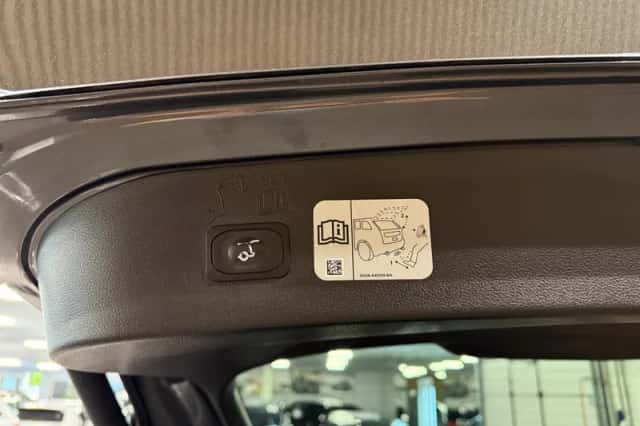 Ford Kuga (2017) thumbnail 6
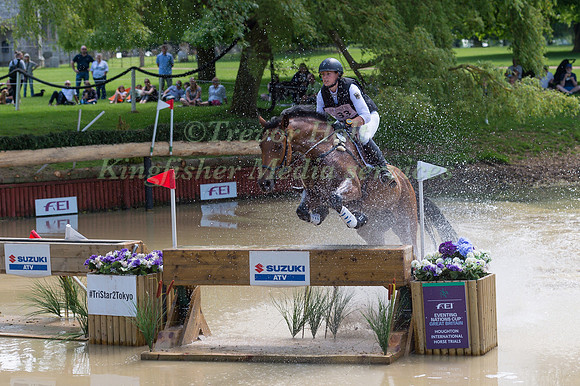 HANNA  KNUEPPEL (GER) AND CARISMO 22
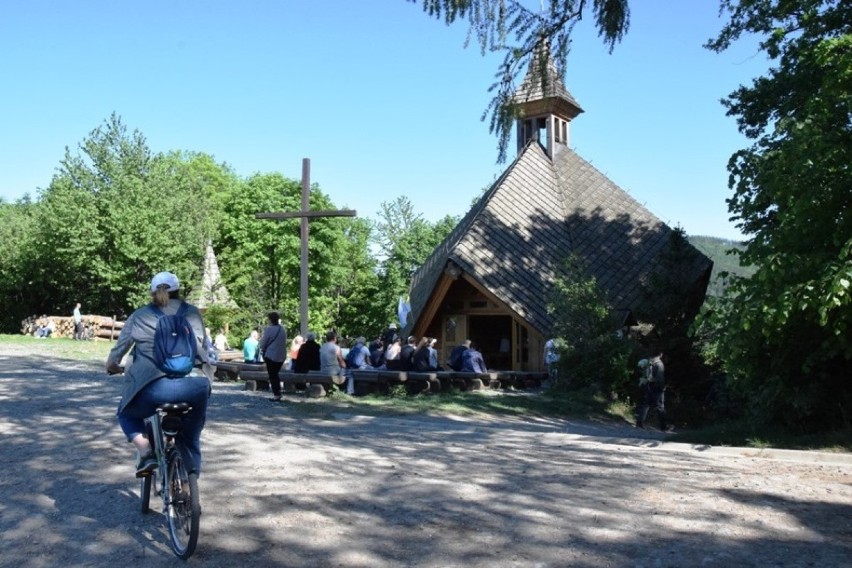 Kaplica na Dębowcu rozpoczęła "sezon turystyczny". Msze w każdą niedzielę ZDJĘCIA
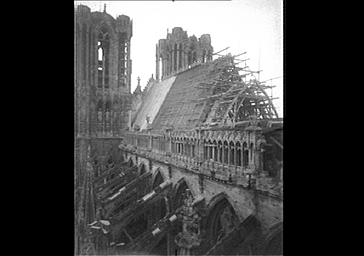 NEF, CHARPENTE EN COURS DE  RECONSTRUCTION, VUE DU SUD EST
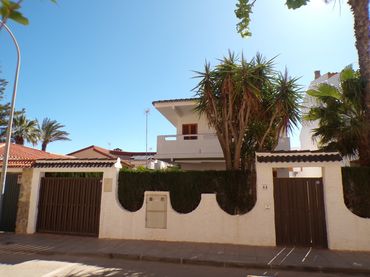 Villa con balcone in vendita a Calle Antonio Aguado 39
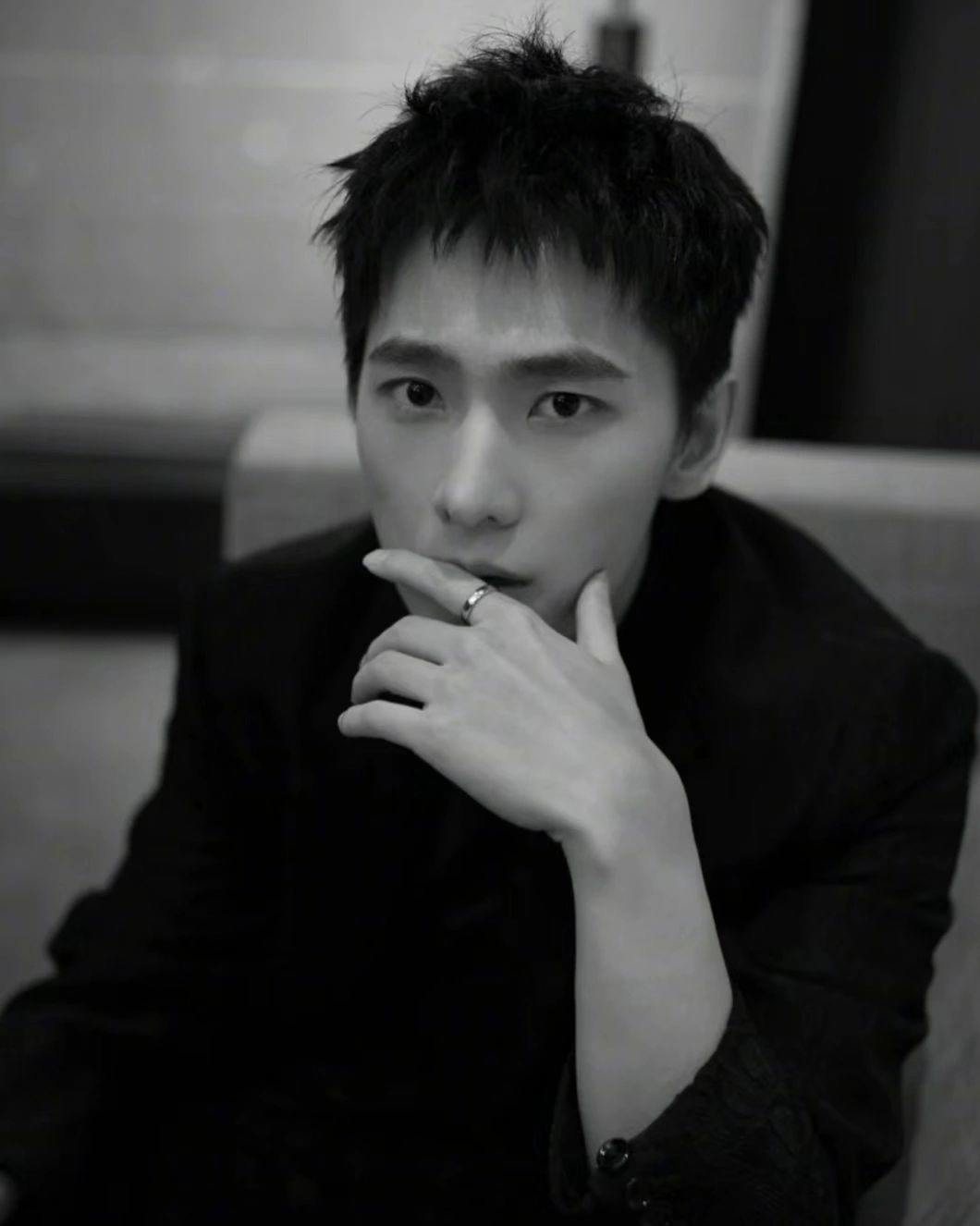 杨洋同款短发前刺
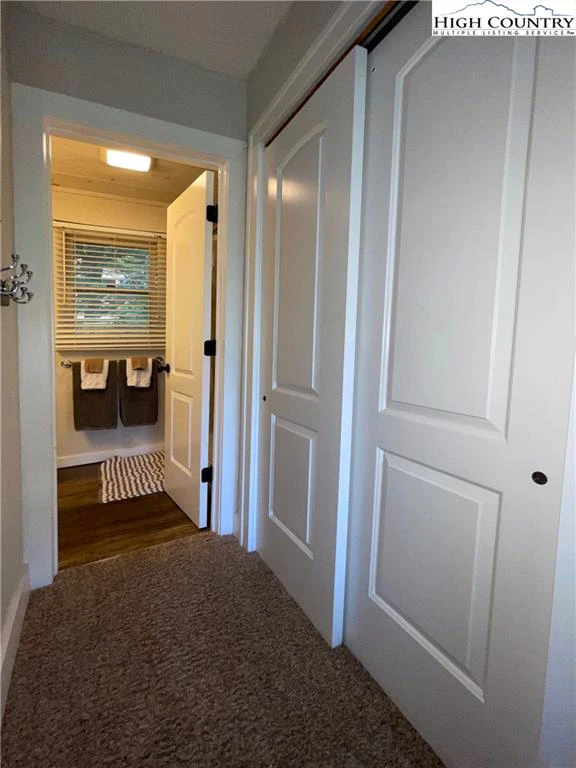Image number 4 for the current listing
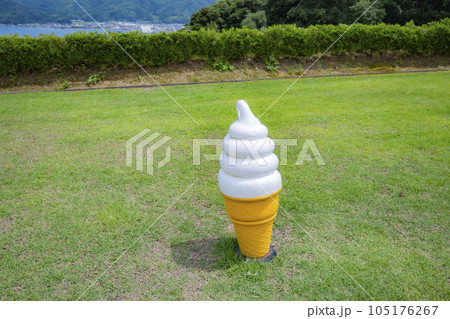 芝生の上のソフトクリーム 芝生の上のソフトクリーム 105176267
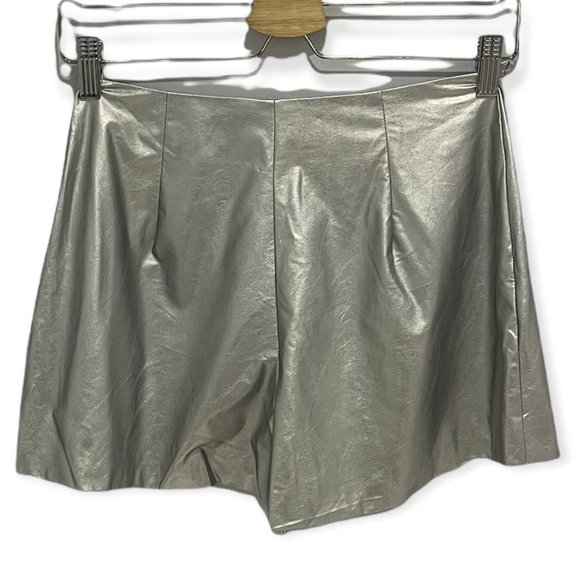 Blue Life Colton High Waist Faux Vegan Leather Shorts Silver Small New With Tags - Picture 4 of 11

__________

**Exercise details:** Copy out all the data exactly. No images belong in the copy.

**Task solution:**
 Ford Kuga (2017) thumbnail 6
 HANNA  KNUEPPEL (GER) AND CARISMO 22
 Kaplica na Dębowcu rozpoczęła "sezon turystyczny". Msze w każdą niedzielę ZDJĘCIA
 NEF, CHARPENTE EN COURS DE  RECONSTRUCTION, VUE DU SUD EST
 Villa con balcone in vendita a Calle Antonio Aguado 39
 杨洋同款短发前刺
Image number 4 for the current listing
 芝生の上のソフトクリーム 芝生の上のソフトクリーム 105176267
 Blue Life Colton High Waist Faux Vegan Leather Shorts Silver Small New With Tags - Picture 4 of 11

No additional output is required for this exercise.